#### [AIM OF THE TASK]
With pictures removed, print the listing exactly.
---------- STORED DATA
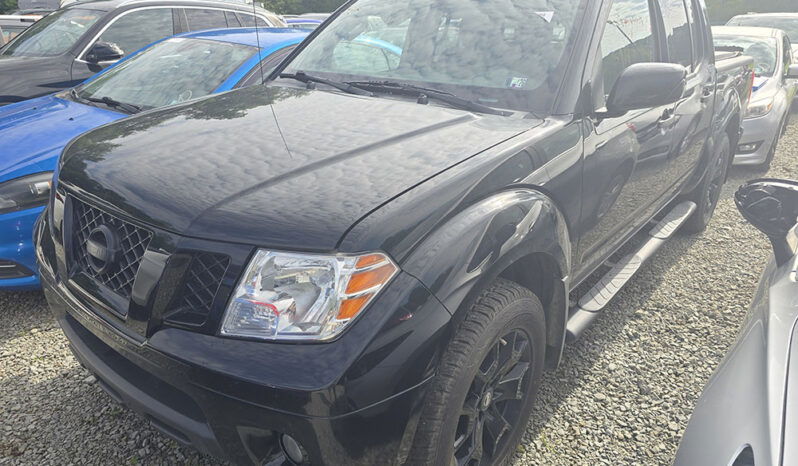 NISSAN FRONTIER SV CREW CAB full
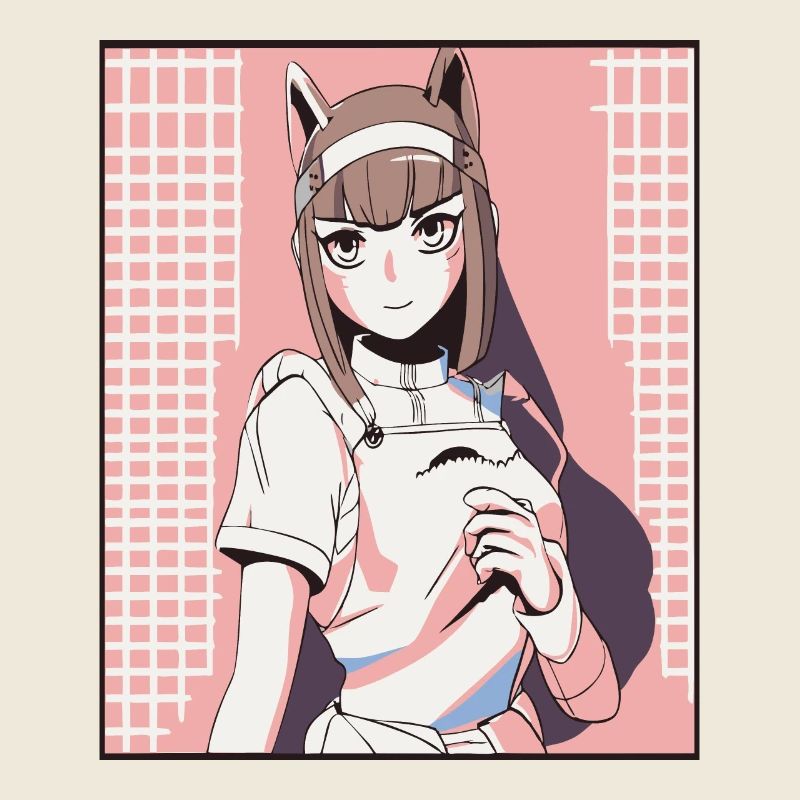 Weebs lieben Anime Mädchen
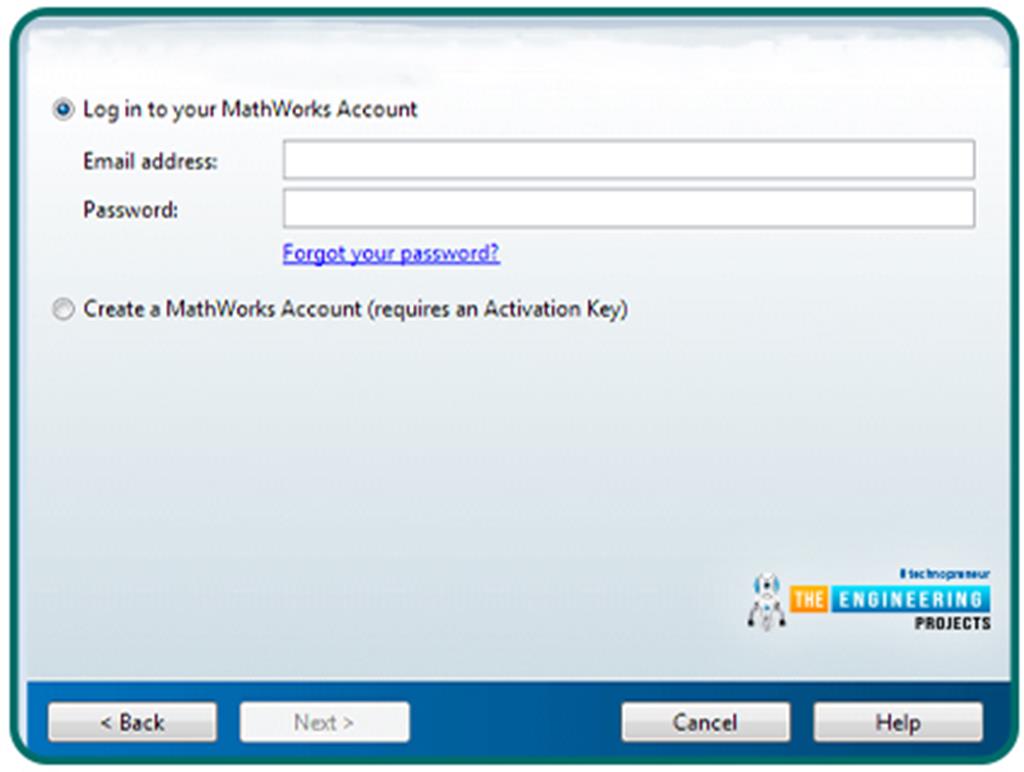 Installation of MATLAB Software - The Engineering Projects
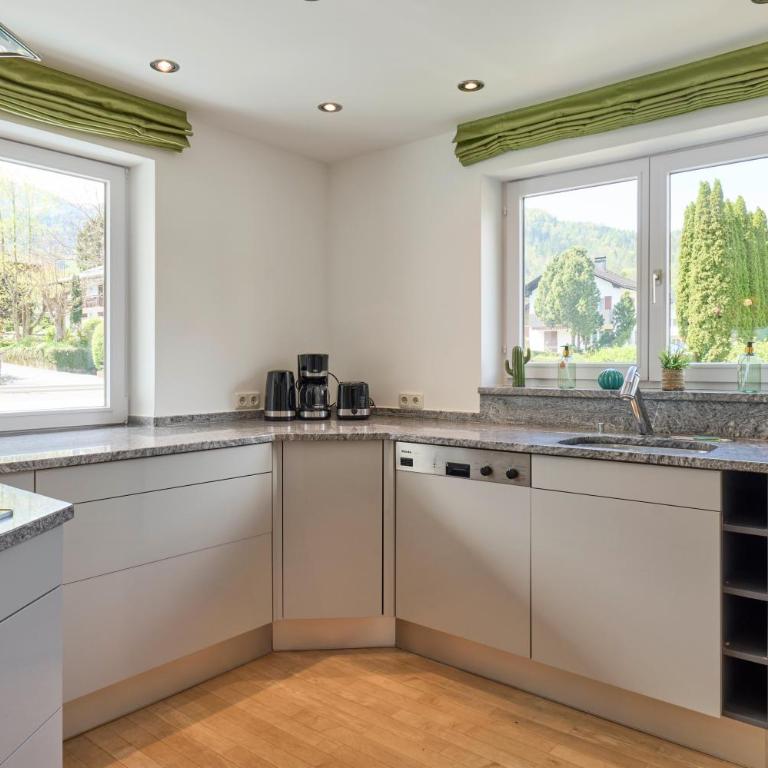 Bergblick - wohnen mit Aussicht - Appartement 1 Chambre avec Terrasse - 15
--------------------
#### [YOUR SOLUTION]
 NISSAN FRONTIER SV CREW CAB full
 Weebs lieben Anime Mädchen
 Installation of MATLAB Software - The Engineering Projects
 Bergblick - wohnen mit Aussicht - Appartement 1 Chambre avec Terrasse - 15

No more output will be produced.